Опять Оддрун что-то наговорила? — вдруг спрашивает Эгиль. Да нет, говорю я, а Эгиль смотрит на меня, с лукавой улыбочкой, и я прекрасно вижу, что он мне не верит. Это она сказала, что ты несамостоятельная? — спрашивает он, смеется и качает головой. Да нет же, говорю я. Неправда, говорит Эгиль, я ведь вижу по твоему лицу. Ладно, допустим, это она сказала, говорю я. Господи боже, говорит он и опять смеется. Незачем принимать близко к сердцу все, что она говорит, Силье, говорит он, смотрит на меня, а я смотрю на него и не в силах снова возразить ему, не помню я, чтобы мама называла меня несамостоятельной, но это не так важно, какая разница.
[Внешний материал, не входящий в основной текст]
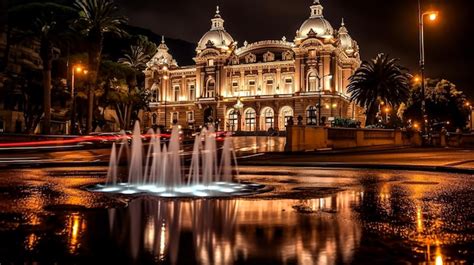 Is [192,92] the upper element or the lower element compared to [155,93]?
lower

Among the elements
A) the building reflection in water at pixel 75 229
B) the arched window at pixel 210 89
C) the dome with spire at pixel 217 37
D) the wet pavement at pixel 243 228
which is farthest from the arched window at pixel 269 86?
the building reflection in water at pixel 75 229

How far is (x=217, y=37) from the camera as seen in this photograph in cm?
8812

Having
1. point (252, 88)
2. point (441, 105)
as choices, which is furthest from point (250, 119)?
point (441, 105)

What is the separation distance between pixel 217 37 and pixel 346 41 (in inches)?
920

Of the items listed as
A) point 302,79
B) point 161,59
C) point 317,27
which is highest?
point 317,27

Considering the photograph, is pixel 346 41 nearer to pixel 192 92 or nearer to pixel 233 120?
pixel 233 120

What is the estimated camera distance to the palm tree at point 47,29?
40250 mm

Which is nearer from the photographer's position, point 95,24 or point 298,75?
point 95,24

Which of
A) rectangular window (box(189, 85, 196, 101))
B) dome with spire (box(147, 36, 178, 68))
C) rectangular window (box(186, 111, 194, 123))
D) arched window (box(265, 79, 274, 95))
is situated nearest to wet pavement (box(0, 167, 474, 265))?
arched window (box(265, 79, 274, 95))

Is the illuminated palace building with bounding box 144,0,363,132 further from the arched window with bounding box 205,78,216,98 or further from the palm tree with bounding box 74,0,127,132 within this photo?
the palm tree with bounding box 74,0,127,132

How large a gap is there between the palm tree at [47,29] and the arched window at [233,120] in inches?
1640

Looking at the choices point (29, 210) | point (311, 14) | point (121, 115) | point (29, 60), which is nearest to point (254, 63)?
point (311, 14)

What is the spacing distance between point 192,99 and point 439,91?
4174 centimetres

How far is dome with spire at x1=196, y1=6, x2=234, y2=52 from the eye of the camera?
287 ft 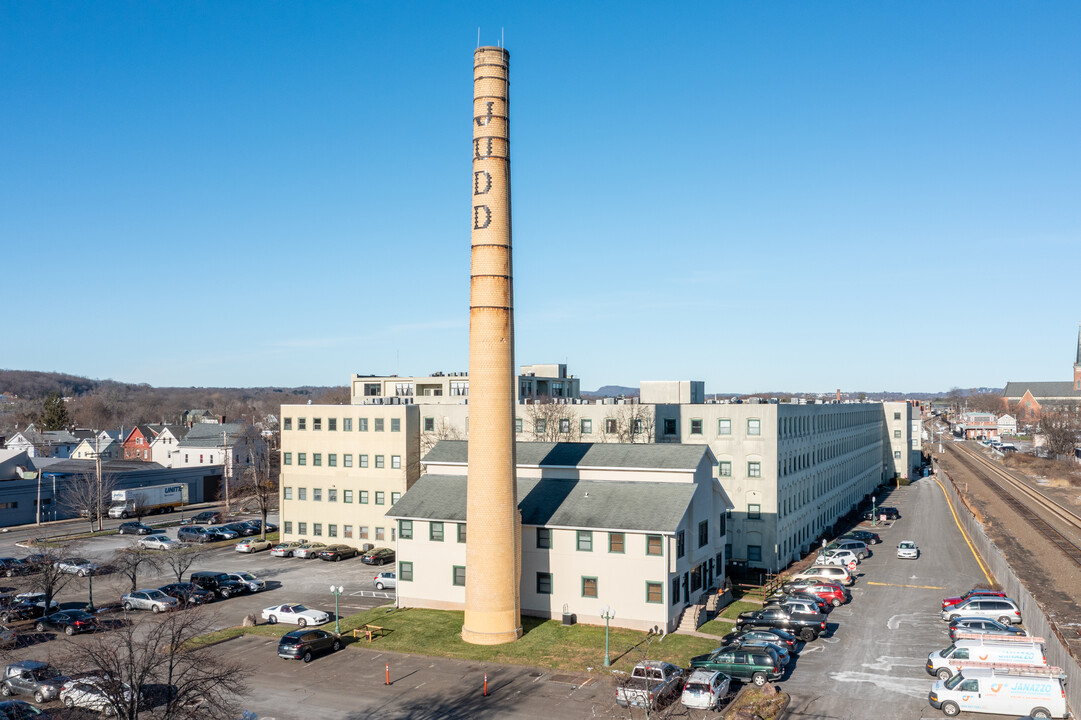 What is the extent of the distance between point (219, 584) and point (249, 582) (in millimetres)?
2111

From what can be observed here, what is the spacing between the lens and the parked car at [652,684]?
32.8 m

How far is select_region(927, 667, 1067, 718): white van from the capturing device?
33219 mm

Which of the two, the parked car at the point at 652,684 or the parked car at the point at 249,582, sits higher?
the parked car at the point at 652,684

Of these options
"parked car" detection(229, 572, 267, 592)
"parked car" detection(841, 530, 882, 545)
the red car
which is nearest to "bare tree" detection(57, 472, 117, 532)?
"parked car" detection(229, 572, 267, 592)

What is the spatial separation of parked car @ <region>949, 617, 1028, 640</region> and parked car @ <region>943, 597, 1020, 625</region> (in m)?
2.54

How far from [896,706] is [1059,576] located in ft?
114

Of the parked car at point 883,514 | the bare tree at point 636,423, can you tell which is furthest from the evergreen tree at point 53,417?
the parked car at point 883,514

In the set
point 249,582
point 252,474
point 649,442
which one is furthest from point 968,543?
point 252,474

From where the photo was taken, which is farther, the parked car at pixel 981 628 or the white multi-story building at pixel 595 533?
the white multi-story building at pixel 595 533

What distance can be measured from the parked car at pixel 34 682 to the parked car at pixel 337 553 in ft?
113

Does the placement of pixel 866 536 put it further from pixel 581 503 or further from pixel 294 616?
Answer: pixel 294 616

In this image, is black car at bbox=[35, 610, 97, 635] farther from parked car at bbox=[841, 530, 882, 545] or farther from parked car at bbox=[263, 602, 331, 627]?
parked car at bbox=[841, 530, 882, 545]

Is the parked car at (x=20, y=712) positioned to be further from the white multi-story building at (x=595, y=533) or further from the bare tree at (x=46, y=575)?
the white multi-story building at (x=595, y=533)

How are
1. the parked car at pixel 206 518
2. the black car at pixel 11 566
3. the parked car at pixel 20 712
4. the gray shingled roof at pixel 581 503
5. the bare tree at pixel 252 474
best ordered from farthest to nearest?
the bare tree at pixel 252 474 → the parked car at pixel 206 518 → the black car at pixel 11 566 → the gray shingled roof at pixel 581 503 → the parked car at pixel 20 712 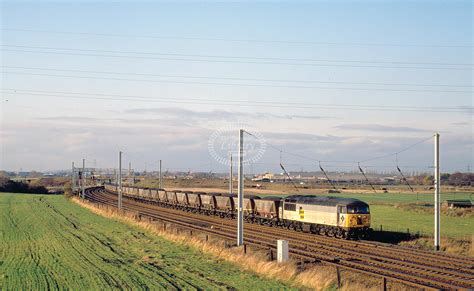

Стало быть… когда она заводит очередную тираду, то толкует о себе самой, говорит он. О себе самой? — переспрашиваю я. Силье, говорит Эгиль, чуть наклоняет голову и смотрит на меня слегка отеческим взглядом. Несамостоятельная… — говорит он. Пожалуй, эта характеристика больше под стать женщинам поколения Оддрун, чем женщинам твоего поколения, говорит он. Она сама в молодости была такой, вот и сваливает все на несамостоятельность, говорит он. Это самый обыкновенный психический механизм, своего рода печальная реакция на то, что она тогда не жила так, как хотела, говорит он. Ты же сама рассказывала, как сильно ее мучило, что ей не позволяли жить своей жизнью до вполне зрелого возраста, говорит он и добавляет: До смерти твоего отца.
Все-то ты знаешь, все-то понимаешь, говорю я и смотрю на него, с безразличной улыбкой. Послушай, говорит он. Не начинай все сначала. Да нет, говорю я. Ты что же, согласна с ней? — спрашивает он. Толком не знаю, говорю я. Но, говорит Эгиль и резко умолкает, смотрит на меня, смеется и покачивает головой. В таком разе в чем же ты несамостоятельна, а? — говорит он. Ведь у тебя есть все возможности, замечает он, только пользуйся. Да, наверно, так и есть, говорю я, опять тишина, мы просто стоим и смотрим друг на друга. Господи, Силье, говорит он. Что тебе мешает? — спрашивает он, всплеснув руками. Я хоть раз не давал тебе делать то, что ты хочешь? — говорит он и смотрит на меня, ждет, что́ я скажу, а я понятия не имею, что сказать, ведь через меня словно бы говорит кто-то другой, а я просто стою и жду, что именно буду говорить. Не знаю я, что мне мешает, говорю я. Но… хм, чего тебе хочется? — спрашивает он. Чего мне хочется, я знаю, говорю я. А вот делаю теперь только то, что вроде как положено делать, говорю я, слышу собственные слова и думаю, откуда они берутся. И поэтому ты считаешь себя несамостоятельной? — спрашивает Эгиль. Возможно, говорю я и на миг замолкаю. В сущности, я до сих пор вообще ни о чем таком не думала, говорю я и вижу, что Эгиль в полном замешательстве, проходит секунда-другая, и я начинаю смеяться, а Эгиль стоит и смотрит на меня, потом качает головой. Господи, да что с тобой? — говорит он. Сперва небылицы, потом самообвинения, теперь вот… ну что это такое? — говорит он с безнадежным видом, я гляжу на него и смеюсь, а Эгиль приподнимает брови, качает головой, потом тоже начинает смеяться. Господи боже мой, смеется он, проводит рукой по редким волосам, говорит: По-моему, хорошо, что мы скоро махнем в Бразилию, по-моему, тебе необходим небольшой отпуск.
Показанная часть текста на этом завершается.